Era tutto buio, poi, a fatica, aprii gli occhi. Ero sdraiato sul divanetto della sala d’aspetto e accanto a me c’erano due gambe. Mi alzai di scatto. Quelle gambe appartenevano a Malcom che serenamente dormiva. Ho sempre ritenuto disdicevole e che qualcuno continuasse a dormire dopo il mio risveglio, pertanto, gli diedi uno strattone e lo svegliai. Sembrava che avesse partecipato ad un furioso incontro di boxe. Aveva gli occhi tumefatti ma, da come mi guardava e dalla sua espressione capii che ci vedeva ancora alla perfezione.

Restammo in silenzio per qualche minuto, poi udimmo la voce di Bilby nel corridoio.

“Avvivedevci vottor Vavesky, grafie di tutto e ringrafi anche i suoi avvisdenti”.

“Arrivederci Silvy, ci rivediamo la settimana prossima per togliere i punti”.

Guardai l’orologio, erano passate circa due ore. Henry si affacciò nello studio, ci osservò, si mise a sedere e si versò da bere. Poi si accese la pipa e ci raccontò quanto era accaduto.

Si era svegliato da solo nella sala d’attesa e nello studio regnava il più profondo silenzio. Si mise a sedere e all’improvviso si ricordò di quanto era accaduto. Indubbiamente era ancora sbronzo ma stava sicuramente meglio. Non vedendo noi, ne sentendo alcun rumore pensò che in qualche modo l’emergenza doveva essere stata affrontata dai suoi premurosi amici. Andò al bagno, bevve un po’ d’acqua e si sciacquò il viso. Regnava il buio e la quiete; poi, si accorse che le luci della sala operatoria erano accese. Attraversò il corridoio per andarle a spegnere ma quando arrivò sulla porta quello che vide fu raccapricciante. La disposizione degli oggetti e degli esseri viventi sfidava ogni legge naturale. Nemmeno Dalì sarebbe riuscito a dare vita ad una composizione siffatta.

 

Silvy – e non Bilby – era su lettino. Con la faccia stritolata tra questo ed il sedere di Malcom che gli dormiva supino sopra. Io ero in terra prono, il mio braccio piegato all’indietro e all’insù, incastrato sotto la guancia di Silvy. Nell’altra mano tenevo la bottiglietta. La lampada proiettava il potente fascio luminoso sugl’occhi chiusi di Silvy. Ogni ferro era in terra, e per qualche strana ragione una pinza era conficcata nel polpaccio di Malcom.
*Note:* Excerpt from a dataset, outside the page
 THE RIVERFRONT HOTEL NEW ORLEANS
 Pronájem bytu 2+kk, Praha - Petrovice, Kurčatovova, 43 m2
Avevamo tutti assunto cloroformio, per fortuna, in modeste quantità. Ad Henry toccò un lavoro duro e complicato ma quando la paziente si svegliò, tutto era sistemato, anche la sua bocca. Chi ebbe la peggio furono il mio braccio ed il polpaccio di Malcom. Quella sera fu imposta la regola: Henry non avrebbe più potuto bere prima delle sette.